It seemed to have warmed up a bit as the boys and I walked out of the Koger Center on Saturday night, no doubt a result of the hot dancing that went on inside as the Columbia Classical Ballet presented its annual Lifechance performance, this year supporting the Ray Tanner Foundation. What a smooth, delightful selection of dances. I was left wanting more---especially of Brooklyn Mack, our local dancing treasure, who enthralled his audience, as always. Not only did he participate in the larger group dances, but his short interpretive dance (I guess it is called) was beautiful as well. Columbia loves Brooklyn and you can feel the crowd buzz when he steps on to the stage. I don’t know most of the new dancers in this year’s rather large company, though there are a few old favorites such as Zoltan Boros, Sasha Vykhrest, and Matthew Waters. The company seems to have a decidedly Asian representation, with dancers from China, Japan, and Korea. The ballerinas were beautiful and lovely to watch, and the men were great too. There was a tall dancers who very much reminded me of Akari Manabe, who I much miss seeing dance, as well as many of the former dancers (who have now scattered all over the globe).
Some of last night’s dances were extremely nice. I really liked the fluidity of Tamas Krizsa and Maki Onuki’s “Together Apart.” Although Lasha Khozashvili looked too skinny to pull it off, he showed great strength and agility lifting and then moving the beautiful Lia Cirio (who has been a regular at Lifechance over the last few years), so she seemed to be floating, in “Giselle.” I especially enjoyed the modern piece (choreographed by Simone Cuttino), with the men barechested and wearing dark flowing skirts, and the crowd seemed to really enjoy it too. If I had any criticism it would have been nice to have a few different backdrops.
After admission there was a cute short featuring CCB dancers, not listed on the program I don’t think, featuring six in a comedy skit of gender-bending. Joey looked at me and said, “You wouldn’t get me out there doing that one.” But the crowd enjoyed it. In another dance, I think it was Kota Fujishima and Sakura Oka, they seemed like two tiny delicate flowers floating in “Flames of Paris.”
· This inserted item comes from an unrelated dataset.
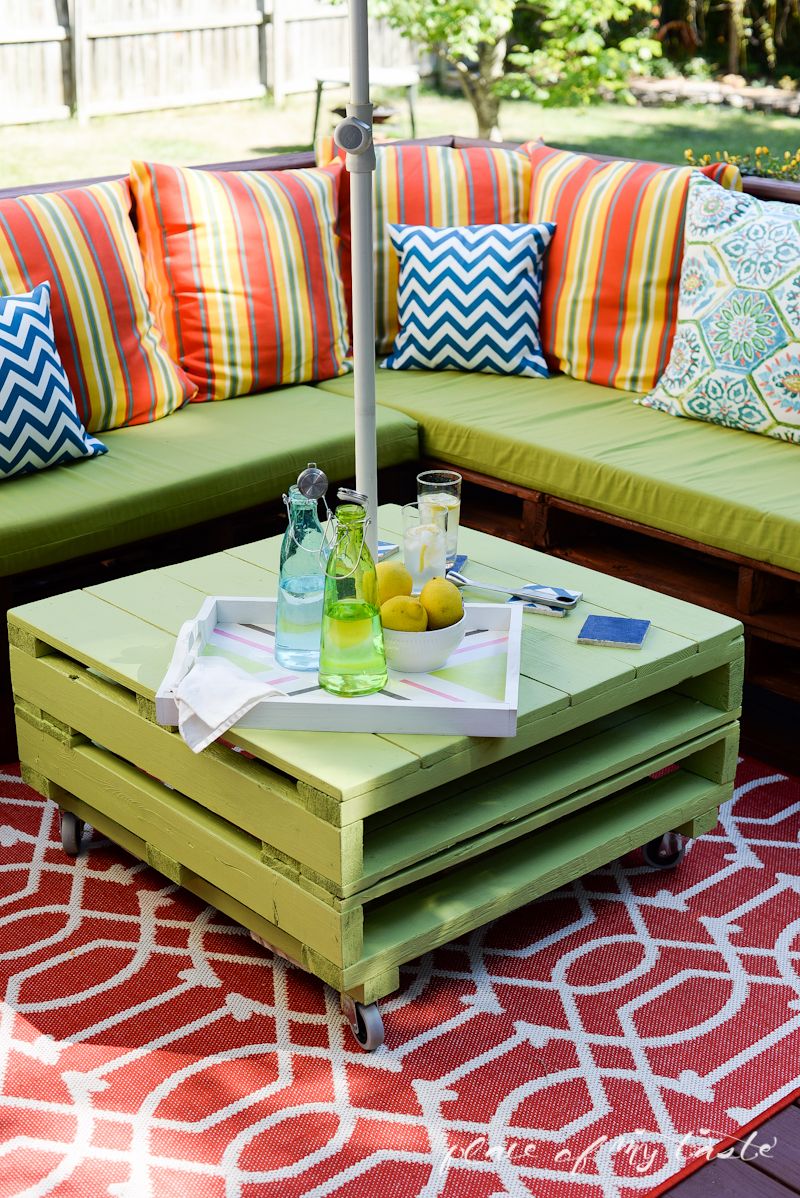 30+ Creative Pallet Furniture DIY Ideas and Projects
Overall, I really loved all the dances and the evening moved along at a brisk and pleasing pace. Been coming for years, often at the generosity of Brooklyn’s mom. I couldn’t see how many people were in attendance, but it looked like a pretty good crowd. I was surprised to find Coach Tanner standing by himself unmolested in the lobby and I thought I would get in a quick handshake, and we ended up chatting for probably ten to fifteen minutes, until his wife Karen joined us and others began coming up. They are really nice nice people. We talked about ballet (I think this may have been his first), Gamecock coaching and basketball, and a few other things. I was honored to have met him. Everyone knows what he means to USC sports, and also his charitable contribution to local children and homeless.